A geo-velocity violation occurs when when the time span between the last successful login and the current login attempt is less than the travel time between the two locations.
The duration of the violation period is calculated based on the distance between the two locations defined in the Set Velocity Limit field. During the violation period, unsuccessful login attempts are not stored, even if multiple geo-velocity violations are detected.
When the end user successfully logs in within the geo-velocity limit boundaries, and if another violation is detected, the new violation period starts at the last successful login attempt.
The following are example scenarios of geo-velocity violations and successful logins for a Set Velocity Limit of 500.
- 10:00 a.m. EST: End user successfully logs in from Virginia, USA (point A).
- 10:15 a.m. EST: A login attempt from London, UK (point B) is detected.
Since the Set Velocity Limit is set at 500 mph and the distance between the locations is about 3,500 miles, the violation period is valid for about 7 hours (3500 / 500) – that is, until 5:15 p.m. EST.
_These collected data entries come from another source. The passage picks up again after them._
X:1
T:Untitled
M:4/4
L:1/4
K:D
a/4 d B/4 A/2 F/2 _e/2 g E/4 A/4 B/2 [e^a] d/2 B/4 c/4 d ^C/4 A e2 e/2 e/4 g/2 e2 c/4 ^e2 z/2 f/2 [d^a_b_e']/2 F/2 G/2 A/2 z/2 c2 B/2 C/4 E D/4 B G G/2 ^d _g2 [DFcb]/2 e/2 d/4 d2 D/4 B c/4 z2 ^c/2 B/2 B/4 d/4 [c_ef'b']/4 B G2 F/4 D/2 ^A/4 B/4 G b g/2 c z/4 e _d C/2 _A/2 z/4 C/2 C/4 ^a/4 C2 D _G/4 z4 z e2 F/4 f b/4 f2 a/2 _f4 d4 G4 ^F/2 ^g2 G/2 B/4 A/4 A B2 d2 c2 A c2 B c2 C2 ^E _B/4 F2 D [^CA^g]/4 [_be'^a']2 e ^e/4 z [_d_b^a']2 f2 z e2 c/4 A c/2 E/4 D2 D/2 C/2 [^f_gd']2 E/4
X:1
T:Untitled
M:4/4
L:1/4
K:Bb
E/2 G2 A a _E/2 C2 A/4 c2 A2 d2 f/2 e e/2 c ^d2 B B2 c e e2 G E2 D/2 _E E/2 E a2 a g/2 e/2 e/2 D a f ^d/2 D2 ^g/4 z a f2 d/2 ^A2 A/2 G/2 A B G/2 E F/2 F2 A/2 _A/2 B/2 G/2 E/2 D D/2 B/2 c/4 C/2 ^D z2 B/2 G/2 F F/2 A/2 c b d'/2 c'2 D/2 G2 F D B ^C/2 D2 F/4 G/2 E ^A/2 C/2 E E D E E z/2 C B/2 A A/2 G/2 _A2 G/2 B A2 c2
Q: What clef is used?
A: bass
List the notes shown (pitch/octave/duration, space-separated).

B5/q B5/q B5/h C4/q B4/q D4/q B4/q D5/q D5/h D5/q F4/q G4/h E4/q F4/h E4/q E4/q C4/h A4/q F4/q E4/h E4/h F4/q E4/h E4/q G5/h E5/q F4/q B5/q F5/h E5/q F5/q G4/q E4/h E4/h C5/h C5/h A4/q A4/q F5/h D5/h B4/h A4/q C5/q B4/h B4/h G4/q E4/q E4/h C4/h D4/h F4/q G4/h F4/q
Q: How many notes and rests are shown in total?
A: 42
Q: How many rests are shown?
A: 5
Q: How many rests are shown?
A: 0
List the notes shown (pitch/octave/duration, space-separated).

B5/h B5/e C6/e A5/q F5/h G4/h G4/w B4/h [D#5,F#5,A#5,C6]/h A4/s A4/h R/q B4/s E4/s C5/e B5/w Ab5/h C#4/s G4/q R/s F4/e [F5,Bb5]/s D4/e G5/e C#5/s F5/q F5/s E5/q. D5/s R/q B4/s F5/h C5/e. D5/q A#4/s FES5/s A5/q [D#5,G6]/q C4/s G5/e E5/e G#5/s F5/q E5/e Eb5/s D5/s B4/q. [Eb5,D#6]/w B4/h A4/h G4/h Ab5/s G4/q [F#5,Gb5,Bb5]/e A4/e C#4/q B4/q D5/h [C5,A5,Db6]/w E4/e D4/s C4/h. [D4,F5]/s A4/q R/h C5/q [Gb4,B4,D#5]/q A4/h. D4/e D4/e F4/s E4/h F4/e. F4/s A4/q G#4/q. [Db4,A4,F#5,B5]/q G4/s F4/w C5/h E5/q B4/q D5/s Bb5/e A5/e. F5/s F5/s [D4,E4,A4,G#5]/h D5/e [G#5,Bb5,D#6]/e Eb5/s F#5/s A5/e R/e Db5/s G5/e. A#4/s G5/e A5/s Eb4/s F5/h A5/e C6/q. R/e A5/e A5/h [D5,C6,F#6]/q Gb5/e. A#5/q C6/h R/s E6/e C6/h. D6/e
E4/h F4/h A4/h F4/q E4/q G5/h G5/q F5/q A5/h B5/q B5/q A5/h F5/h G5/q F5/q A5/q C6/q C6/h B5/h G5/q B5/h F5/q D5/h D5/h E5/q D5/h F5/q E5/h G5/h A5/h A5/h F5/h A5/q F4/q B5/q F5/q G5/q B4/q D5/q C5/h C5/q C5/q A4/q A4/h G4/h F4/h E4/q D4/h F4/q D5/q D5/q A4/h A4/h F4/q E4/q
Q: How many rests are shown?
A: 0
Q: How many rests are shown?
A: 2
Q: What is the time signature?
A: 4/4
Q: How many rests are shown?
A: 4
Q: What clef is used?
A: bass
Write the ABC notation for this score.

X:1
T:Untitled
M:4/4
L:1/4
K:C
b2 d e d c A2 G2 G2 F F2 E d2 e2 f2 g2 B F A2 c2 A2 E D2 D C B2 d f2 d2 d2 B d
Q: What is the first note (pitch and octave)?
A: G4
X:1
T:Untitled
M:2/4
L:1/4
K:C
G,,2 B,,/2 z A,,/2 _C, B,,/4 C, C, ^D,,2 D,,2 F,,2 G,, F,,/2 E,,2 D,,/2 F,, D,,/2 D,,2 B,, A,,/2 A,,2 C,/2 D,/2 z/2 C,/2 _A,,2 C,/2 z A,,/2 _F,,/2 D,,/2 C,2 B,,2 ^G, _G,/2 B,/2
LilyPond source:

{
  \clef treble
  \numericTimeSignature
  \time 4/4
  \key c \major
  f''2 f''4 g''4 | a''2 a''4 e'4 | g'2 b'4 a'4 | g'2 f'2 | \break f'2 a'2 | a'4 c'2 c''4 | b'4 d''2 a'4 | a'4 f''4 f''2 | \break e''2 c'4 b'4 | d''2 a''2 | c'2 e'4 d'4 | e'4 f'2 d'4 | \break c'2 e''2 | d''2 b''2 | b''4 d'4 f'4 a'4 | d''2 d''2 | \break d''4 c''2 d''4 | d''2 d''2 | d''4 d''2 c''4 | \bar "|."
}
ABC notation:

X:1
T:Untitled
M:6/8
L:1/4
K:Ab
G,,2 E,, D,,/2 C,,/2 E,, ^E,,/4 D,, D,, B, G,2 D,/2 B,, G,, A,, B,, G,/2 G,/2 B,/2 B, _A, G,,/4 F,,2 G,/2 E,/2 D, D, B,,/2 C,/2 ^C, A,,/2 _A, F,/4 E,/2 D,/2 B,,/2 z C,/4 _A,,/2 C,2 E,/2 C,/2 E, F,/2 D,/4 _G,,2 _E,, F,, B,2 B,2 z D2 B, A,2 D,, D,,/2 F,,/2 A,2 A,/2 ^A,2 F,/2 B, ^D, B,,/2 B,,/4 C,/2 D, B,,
- 11:00 a.m. EST: End user in Virginia, USA (point A) successfully logs in again an hour later.
- 11:15 a.m. EST: Another violation from London, UK (point B) is detected.
The violation period is valid until 6:00 p.m. EST, 7 hours from the last successful login event.
- 6:15 p.m. EST: End user in London, UK with valid credentials successfully logs in since the 7-hour violation period has passed.
In order to keep track of user access history, a field on the Data tab must be mapped to the Access Histories property to the data store (LDAP, AD, etc.) with the Writeable check box as shown next:
For directory field requirements to use with the Access Histories property, see the Access Histories field description near the beginning of this topic.